That meant chili, the perfect food for an open-house on a cold day. If we got more people than we expected, we could stretch it with smaller portions, and if we got fewer people, we’d have usable leftovers to eat or freeze.

So, on the Friday before, we went grocery shopping for our little event. (Chili tastes better a day or two later.) My wife asked me what kind of crackers to buy for the chili. I said something like, “Oh golly-gosh, we shan’t be serving any gosh-darn crackers with my chili.” Something that should have sounded like that, anyway.

I didn’t want people to willy-nilly start jamming soda crackers into my chili. In the first place, I season my chili carefully. Since this batch was for a diverse group, I held back a bit on the heat, but also set out a couple of bottles of hot sauces for those who needed more heat, and also set out Mexican sour cream and shredded cheese for those who needed even less heat. I wasn’t going to be a complete soup Nazi. Adjusting the spiciness to personal tastes was ok with me. However, introducing a bunch of salt from the soda crackers would change the taste before the eater had a chance to appreciate my work.

In the second place, my chili is thick, not soupy. Adding soda crackers would just make it dry and mealy.


My Epiphany chili, fit for a King or three.

Of course, the first person I served asked for crackers. It was a church thing, so I couldn’t be as blunt as I’d been in the grocery store, but I stuck to my guns. I’d made cornbread, and suggested that as a substitute, but no, no crackers. I pointed out that the chili was already thick and didn’t need crackers, but that if he wanted, he could add some of the Ritz crackers we’d put out on the cheese plate.

I ended up getting a lot of unprompted compliments on the chili, which was gratifying. But I was thinking about it again the next day when someone in a social media cooking group asked, Do you put crackers in your chili? I didn’t do a count, but it was pretty obvious that most people do add crackers.

So maybe I’m wrong. I’ve always thought of crackers as something that goes with soups, not stews. A thin, soupy chili might well warrant some crackers. But my chili is already more of a stew than a soup. For the same reason, I avoid the large kidney beans most restaurant chilis use. They’re too dry and mealy for me. I usually use two or three different kinds of smaller beans instead. My Epiphany batch used black beans, pinto beans, and red beans.

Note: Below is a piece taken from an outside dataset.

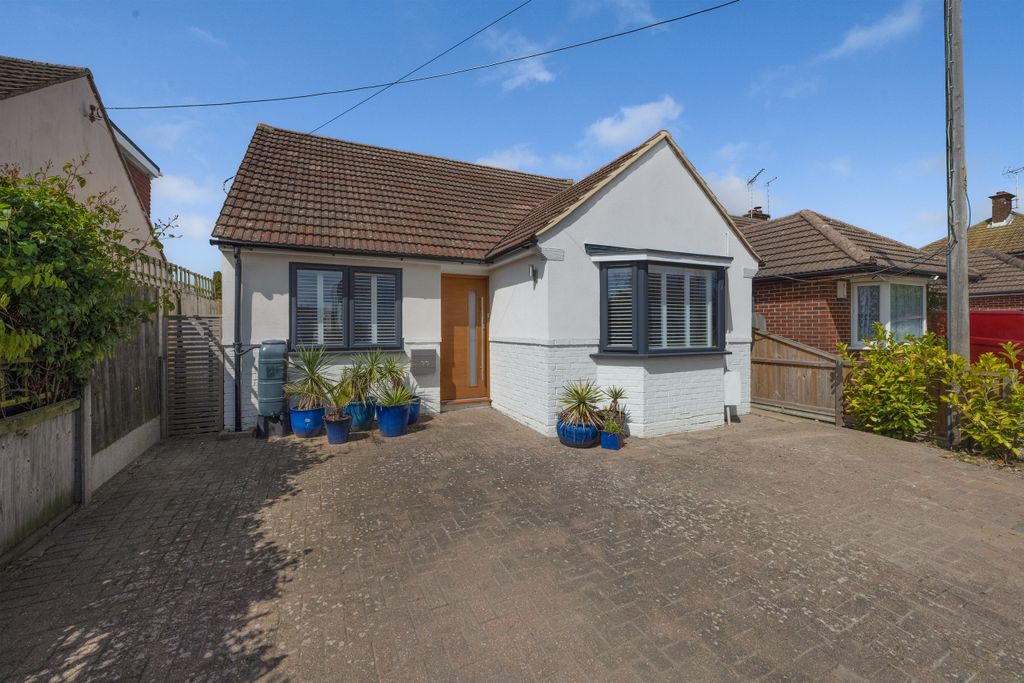 Property photo 1 of 15 Front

Still, I wondered if I was missing something, so I did some research. In the process, I didn’t find out anything particularly convincing about soda crackers in chili, but I was reminded of just how controversial every other aspect of chili-making can be.

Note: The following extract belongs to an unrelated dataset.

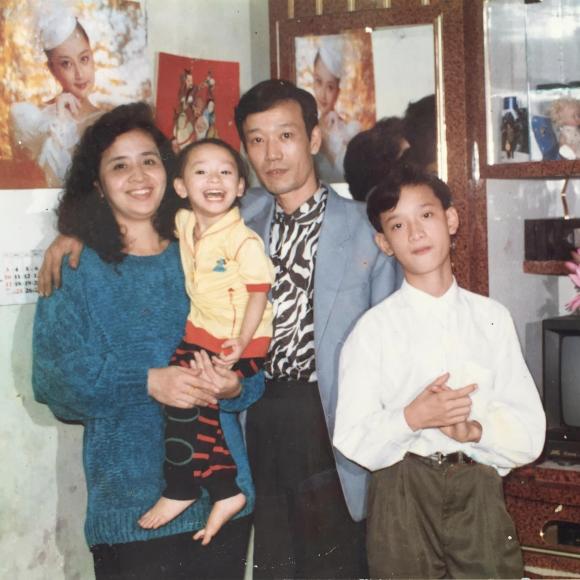 Hình ảnh Trà My Idol bên bố mẹ lúc nhỏ.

Pride of place, of course, goes to the Texans, who would take one look at my chili and declare, “Son, that’s not chili.” There’s no disputing that the original stews known as chili con carne were made of chile peppers and meat, and did not include beans, tomatoes, or any other vegetables or grains.


It’s not my usual chili, but here’s my simple Texas-style chili, sans tomatoes or beans.

Some Texans have gotten pretty possessive about this. Kriston Capps, in a 2015 Slate magazine article, came within an eyelash of invoking the unwritten laws of political-correctness in protecting the integrity of Texas chili: “Chili is a local specialty with a specific history. Please find another name for your spiced vegetable stew.”

Unfortunately, this isn’t France, and our English language is notoriously unregulated. Outside of Texas, that “spiced vegetable stew” with tomatoes and beans has been called “chili” for too long to undo it. That would be like the Peruvians complaining to the French that it’s insulting to call a potato a pomme de terre, because it’s a potato and not an apple in the dirt. The Texas folks are right, but they’re a hundred years too late.

So how did beans (and tomatoes) wind up in chili? Once chili left Texas, it was inevitable that it would be influenced by existing “spiced vegetable stews.” Long before chili came along, there were the Brunswick stews of Virginia and Georgia, Kentucky’s Burgoo, and the various gumbos of the Low Country, Gulf Coast, and Creole and Cajun Louisiana, along with the various Pepper Pot stews from Jamaica to Philadelphia. Historically, these dishes featured considerable local diversity and took advantage of whatever was at hand, often including tomatoes.

brunswick-stew-6-26-15Most modern Brunswick stews no longer include rodents or other critters. I used chicken and pork in this batch. It’s not chili, but you can see the family resemblance 


Chicken and Andouille Gumbo, with okra. Gumbos are the prototypical stew of the Low Country, Gulf, and Cajun/Creole regions, and more coastal versions would include seafood.

For gumbo lovers, the argument is over okra, not beans. People who like okra maintain that “gumbo” comes from the word for okra in several West African languages. People who hate okra claim that it comes from a Choctaw word for the sassafras leaves ground into the filé powder used as a thickener instead of okra. (For the record, I like both kinds; in part because fresh okra isn’t always available in my part of the country. My next batch used filé instead of okra for precisely that reason.) But at least both sides will admit that the other’s gumbo is still worthy of being called gumbo.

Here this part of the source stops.